Debugging has its own set of challenges as well.  It’s supposedly possible to set breakpoints in either firebug or safari’s web developer window, but I haven’t seen how to do that yet.  So far console.log has been my best friend for debugging my application.  Additionally, since there is no compiler you don’t get the benefit of compiler errors and warnings to help you along.

I’m hoping the state of the tools improves as Cappuccino chugs closer to 1.0.  I’d love to see a full blown Xcode plugin with code completion, debugging, and building and deployment.  That is a tall order of course, especially when Xcode itself sometimes feels more like a beta than a fully tested application.  280North, the team behind Cappuccino seemed to have something strong going with Atlas, a web based interface builder and IDE, but there hasn’t been any movement on that since they were bought out by Motorola a couple of years ago.


Tools aside, the amount you’re able to produce with very little code (especially if using interface builder) is pretty profound.  Having worked on web applications in the past it’s refreshing to be able to focus on the logic of the app rather than being worried about the ins and outs of HTML, CSS, and raw javascript.  Cappuccino seems to make intelligent decisions about how rendering a given view should be handled, whether with a div or HTML 5 canvas.  Having a proper abstraction for the DOM is invaluable in this regard and most of the default controls look great right out of the box.


If nothing else it’s fantastic to be able to use my objective-c skill set and jump into developing a modern web application quickly using cappuccino.  It requires you to develop your own workflow; it’s not as integrated as iOS / Xcode is.  The tools, however, seem to be improving as the Cappuccino approaches 1.0.  In all, I left web development because I didn’t like having to deal with both the application logic and HTML/css drudgery simultaneously to get anything done.  Cappuccino solves that problem for me and has allowed to me to produce some promising stuff very quickly.


Posted on November 25, 2011, in Cappuccino, idevblogaday. Bookmark the permalink. 6 Comments.

  1. I would be interested to know how you find cross compatibility with your webapp. I’ve been following the Cappuccino development for quite some time, but never got around to building anything useful with it, other than for fun, and from what I recall, cross platform compatibility wasn’t all that great.

    This type of framework has gotta be something Apple is developing internally, and if not, I would not be surprised in the least if they outright buy Cappuccino, and make it part of the DevTools. It’s pretty awesome.

    • I haven’t gotten far enough yet to do extensive cross-platform compatibility.
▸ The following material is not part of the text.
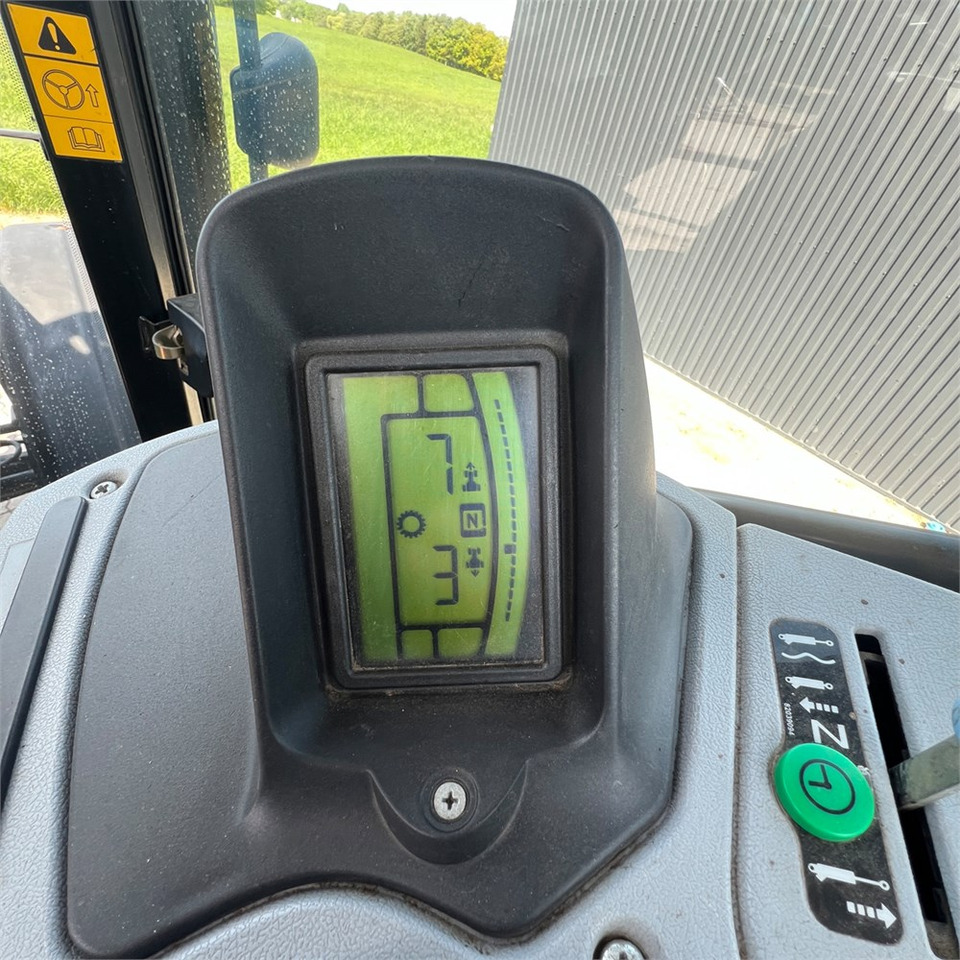 Traktor New Holland T6050: pilt 27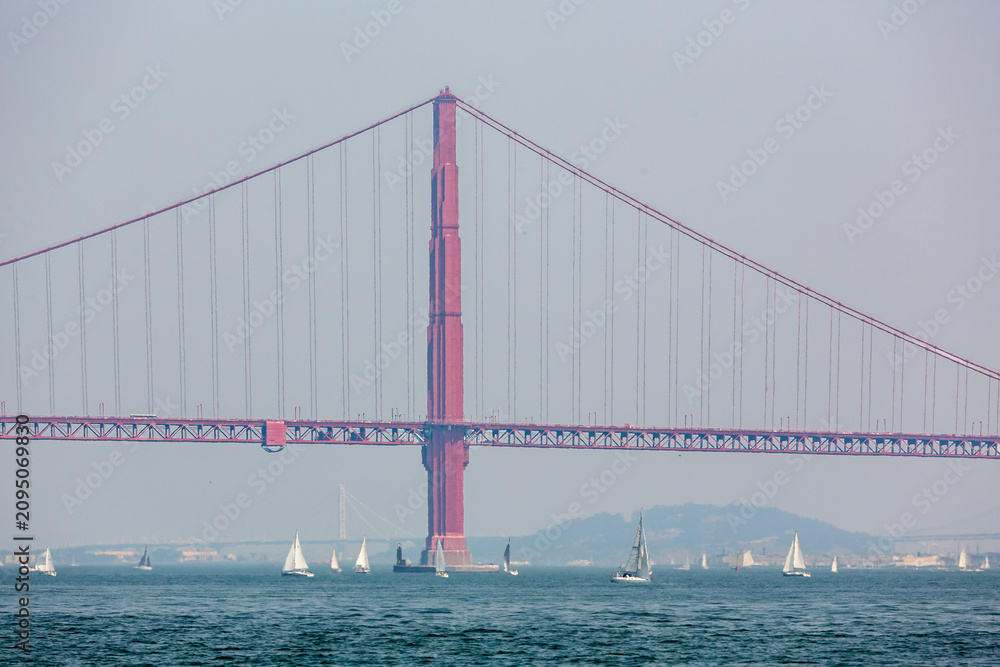 Fototapeta premium Golden Gate Bridge and San Francisco Bay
I have been basically just using safari at this point. I doubt that it’s an Apple project in any way. Apple uses sproutcore on their site, which is considered a competitor to Cappuccino. Also they were acquired by Motorola not long ago, which means I guess Google owns them now (?). The language and the frameworks themselves are open-source as well.

  2. Great post, this was a really nice introduction. I’m going to mention it to my co-workers investigate further.

  3. I am curious if you think that it works the other way round. That is to say, if someone learns Objective J for Web dev, will the experience make it easier to pick up Objective C later for native iOS dev?

    • I think in general yes, though there’s still a learning curve going to a language with real type enforcement and where memory management still matters even in the ARC environment. If nothing else it will keep them from getting scared by the syntax!